Migration from a non-tenanted projects/deployment to a tenant-based deployment

We’re currently attempting to migrate our existing configurations (projects, variablesets, lifecycles, certs, script modules, project variables, environments,etc.) from an existing Octopus server to a new Octopus server via powershell script and Octopus’ REST api. The documentation provided in https://github.com/OctopusDeploy/OctopusDeploy-Api/wiki allows us to access each of the resource in a fairly straightforward manner. However, we do get a few errors every now and then when the api performs “foreign key” checks.

 Let's take this scenario as an example. Server A and B are the existing and new Octopus servers, respectively. We typically would start by copying the LibraryVariableSets by issuing a GET on http://A/api/libraryvariablesets/all, looping through each and every library variableset returned as a PSObject and posting this PSObject as the body on the subsequent POST request to http://B/api/libraryvariablesets. I do notice that they'd be successfully created but the Id values for the same name would be different between the Server A and B for the same variable set name. Is there a way to ensure that the Id values are preserved during a POST request? I'm able to copy the variable sets without any problem other than the Id differences. However, when I follow it up by copying projects from server A to B, I do get an error indicating that the variablesets referenced by the project we're creating do not exist on server B.
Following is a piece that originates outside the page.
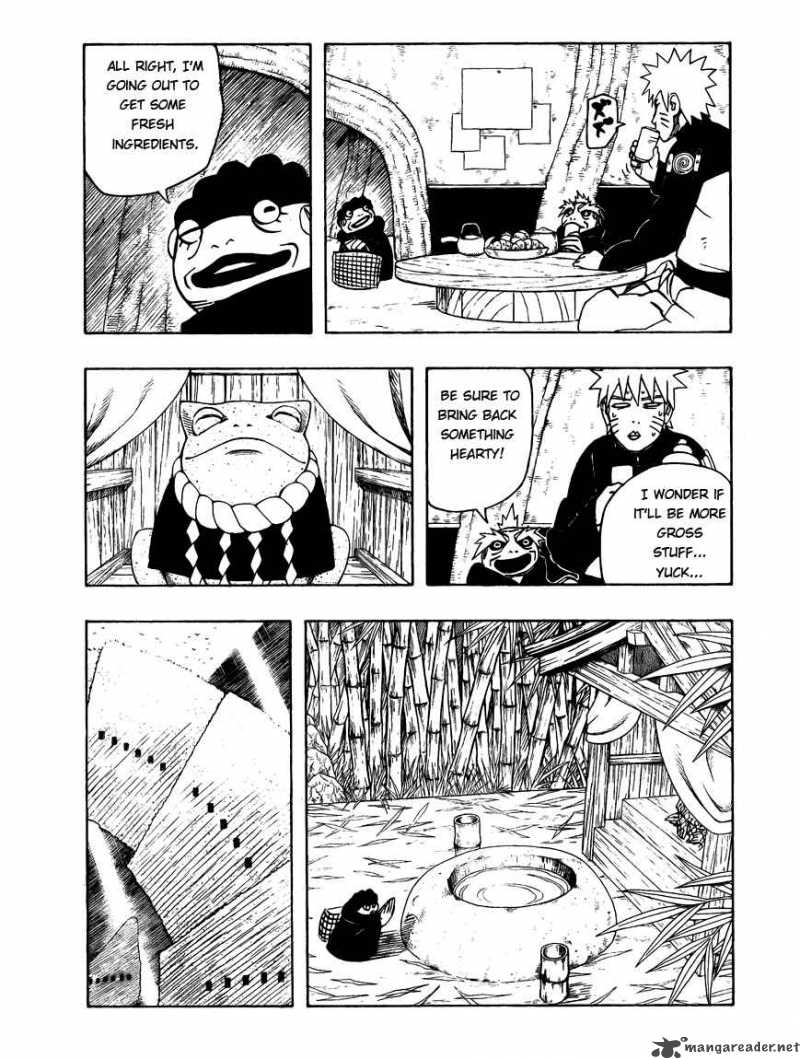 Naruto 420 9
   Is there any documentation we can use to find out the relative order in which we must copy the resources from one server to another? How do we preserve IDs of resources copied from server A to B? Are resource names always unique? We've also considered just backing up the database and restoring it but couldn't because we are actually performing configuration transformation/mapping. Specifically, we are:
   - Reducing the 43 environments from server A to just 6 (DEV, UAT, DEMO, STG, PRD, TEST/QA) 
     by splitting it to a tenant and environment combination on server B. Currently, each environment is created for
     each unique (customer or team) + (DEV or STG or PRD or UAT) combination and this has made the dashboard 
     very difficult to use. For example, an environment called UAT - A will be mapped to environment UAT and tenant A on
     server B.
   - When migrating the variable sets from server A to B, we want to replace the environment scope (as defined on server A) with the
      new tenant and environment scope.
   - When migrating projects, any step belonging to a project that has an environment scope on server A will be replaced by corresponding environment and tenant scopes on server B.
    - On the final step, we will copy machines from server A to B and updating its environment scope to the corresponding environment and tenant scopes on server A.

Is there a better/quicker way to go about this process? How can we pair up the existing agents running on the machines so they would register themselves to server B with the same role as before but assigned to a new environment and tenant value from server B? Has anybody done this via powershell remoting or sysinternals psexec?


Hi Tristan,

I’m following up on your previous ticket over here as this is public and it means the answers will be searchable for others. Here is the code we started for this problem when the feature was introduced: https://github.com/OctopusDeploy/TenantMigratorSample
One of the major issues we see with this process (our team had a chat) is reusing the same IDs on the new server as you will run into issues with mapping as we think you have seen. When we write migration for moving data across servers, the best process is to use names as your identifiers. If there is a way your script can be rewritten with this in mind it would be less error prone. Hopefully our start on the migration script will assist with this, or help you determine the order you are after.

Our migration process uses names and memory mapping - unfortunately it isn’t something that is public, and co-opting the process while changing data won’t really work.
Moving the entire set of data to make use of new hardware/VMs might be a simpler approach and manually create tenants and reassign machines and sets will mean you will not miss anything.